• GIVEN RECORDS:
********

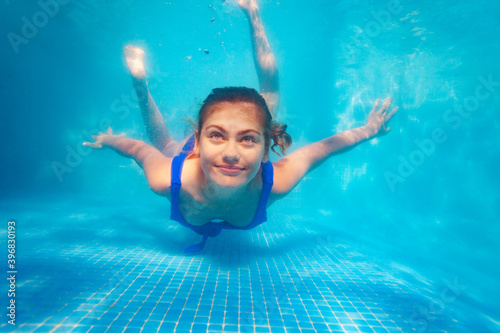 Portrait of the girl swim underwater with confident positive smile in the pool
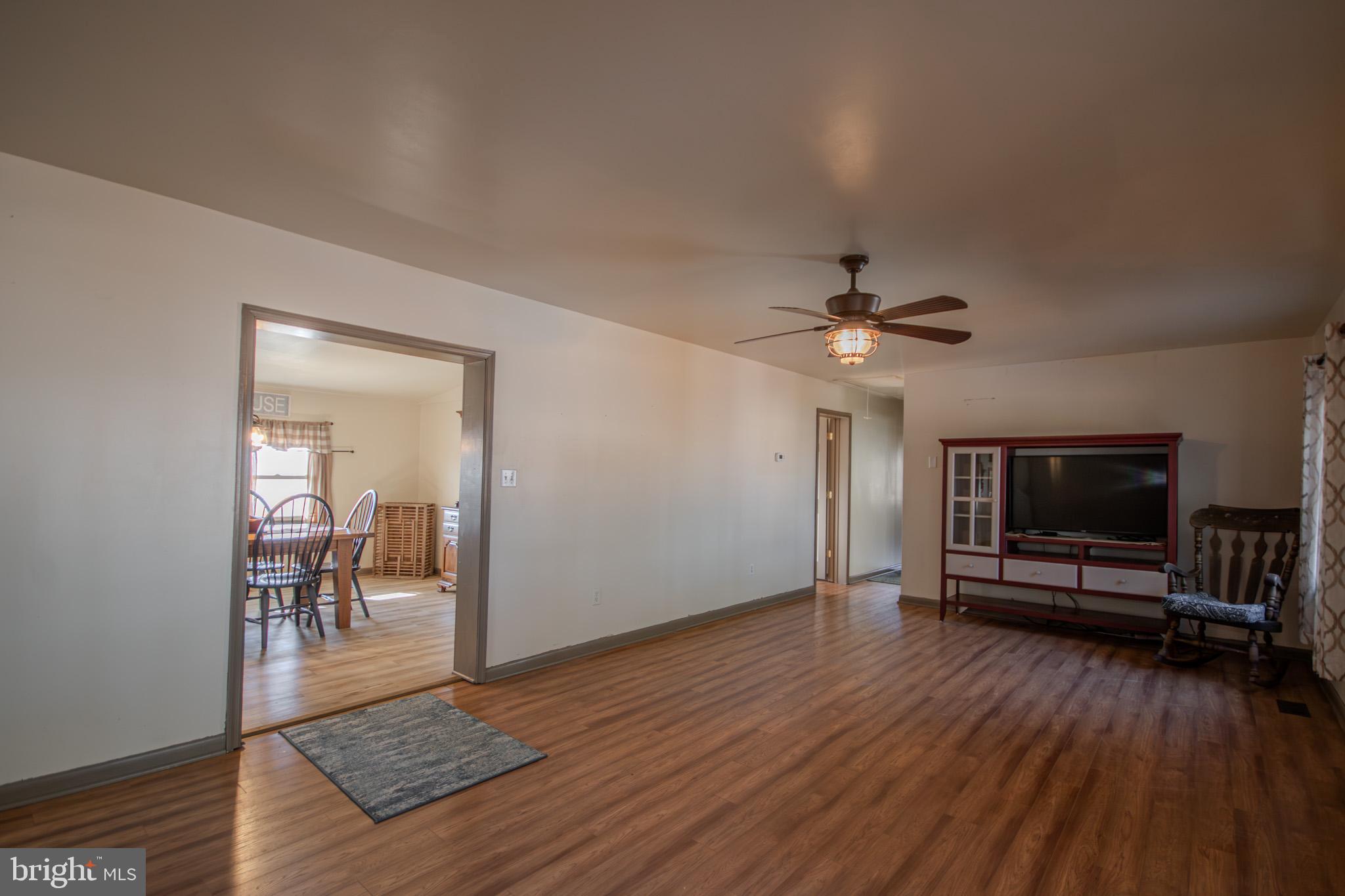 6761 Sharptown Road Laurel, DE 19956 - Photo 13 of 34 a view of livingroom with furniture and wooden floor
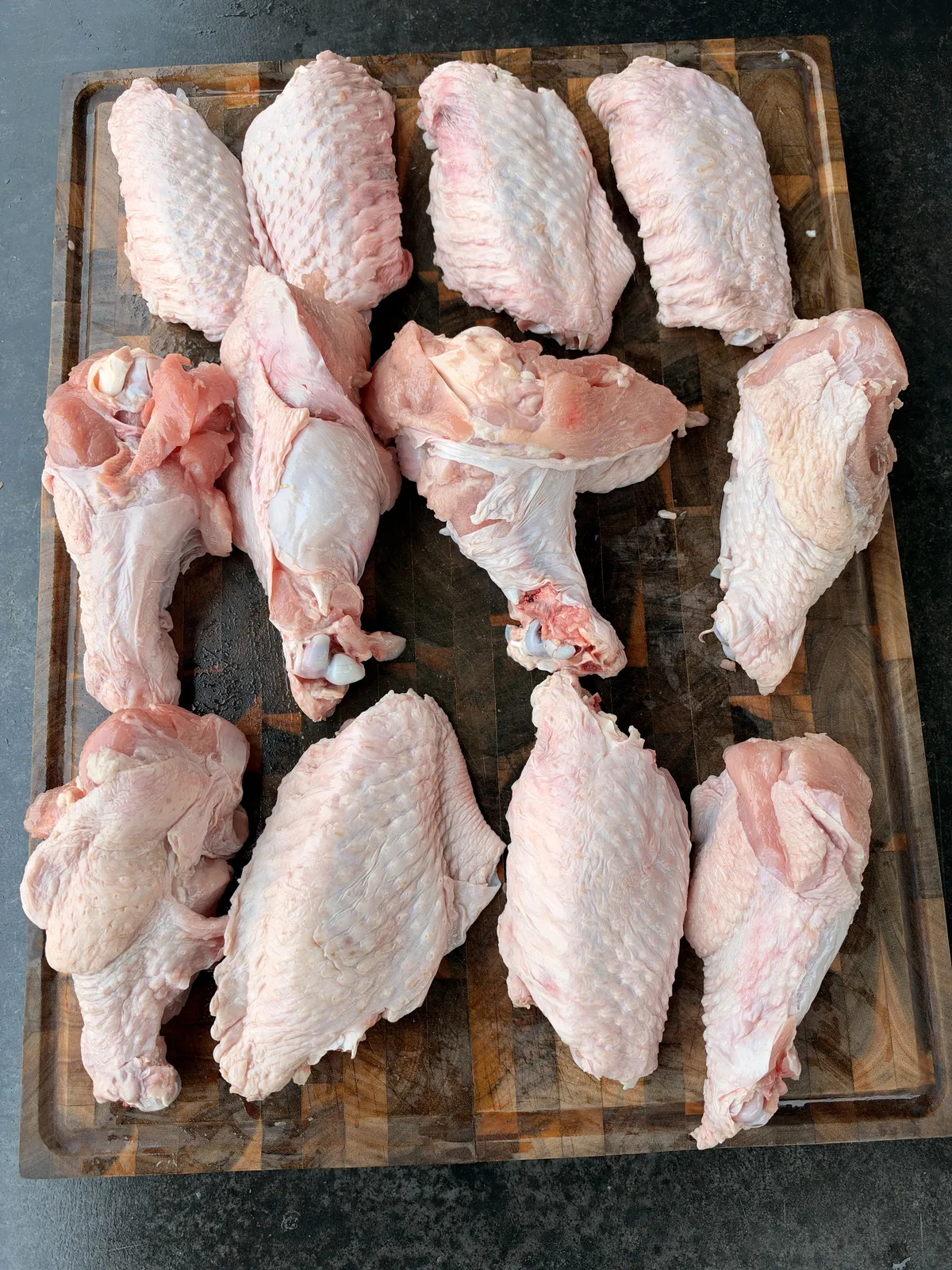 12 raw turkey wing pieces, 6 flats and 6 drums, arranged on a wooden cutting board ready to season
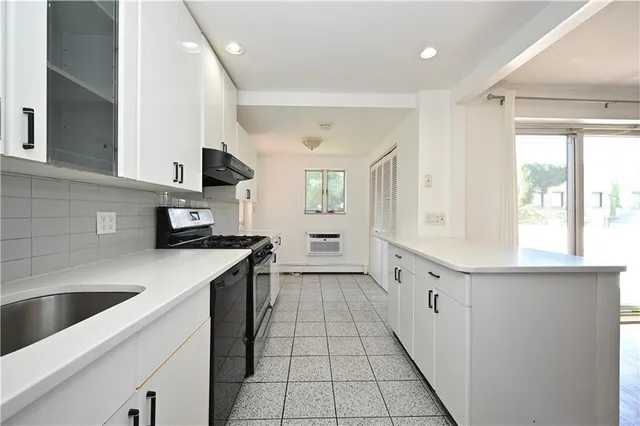 a kitchen with stainless steel appliances granite countertop a sink and a stove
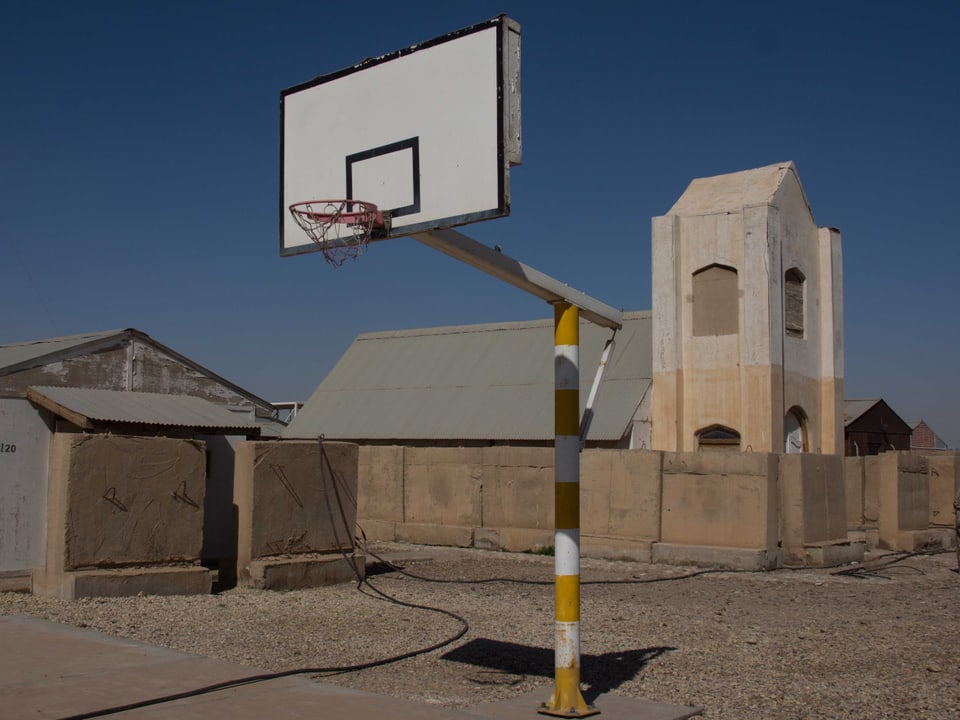 Ein Basketballkorb und im Hintergrund eine einfache Kirche.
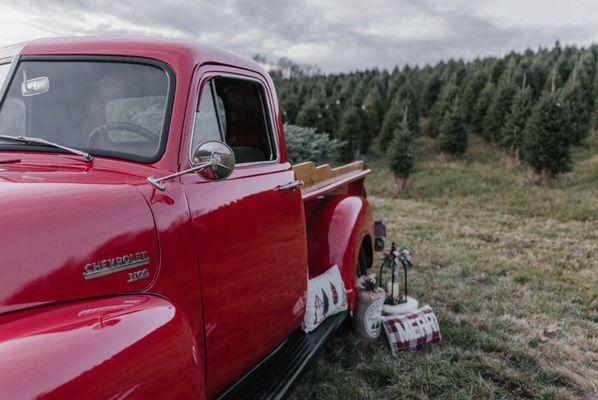 Vintage red truck setup at their farm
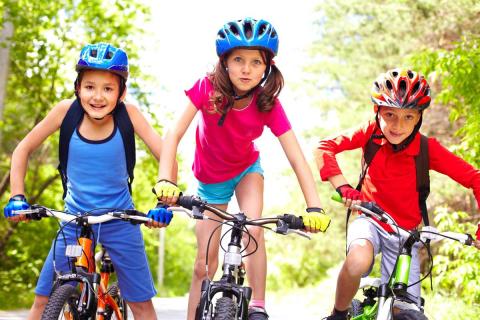 Children on bicycles with protective helmets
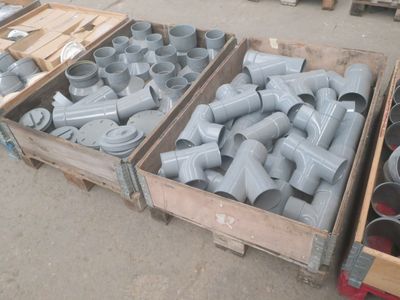des cartons contenant des raccords de tuyauterie de différentes tailles et formes dans un entrepôt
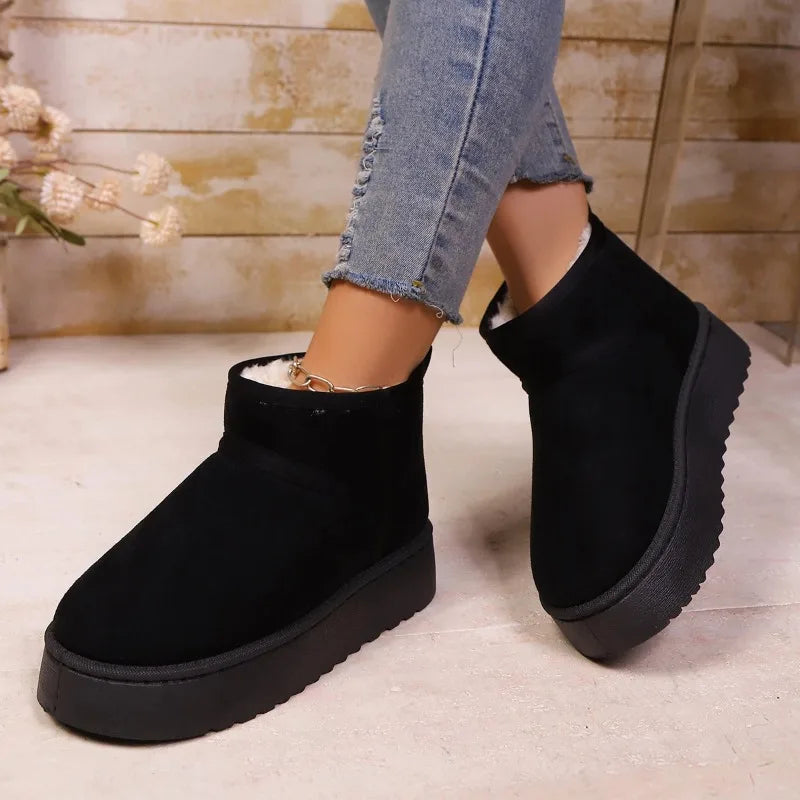 Black platform mini boots worn with cropped jeans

********

• TASK PROMPT:
All of the records must come back exactly as they stand, minus every picture.

• SOLUTION:
 Portrait of the girl swim underwater with confident positive smile in the pool
 6761 Sharptown Road Laurel, DE 19956 - Photo 13 of 34 a view of livingroom with furniture and wooden floor
 12 raw turkey wing pieces, 6 flats and 6 drums, arranged on a wooden cutting board ready to season
 a kitchen with stainless steel appliances granite countertop a sink and a stove
 Ein Basketballkorb und im Hintergrund eine einfache Kirche.
 Vintage red truck setup at their farm
 Children on bicycles with protective helmets
des cartons contenant des raccords de tuyauterie de différentes tailles et formes dans un entrepôt
 Black platform mini boots worn with cropped jeans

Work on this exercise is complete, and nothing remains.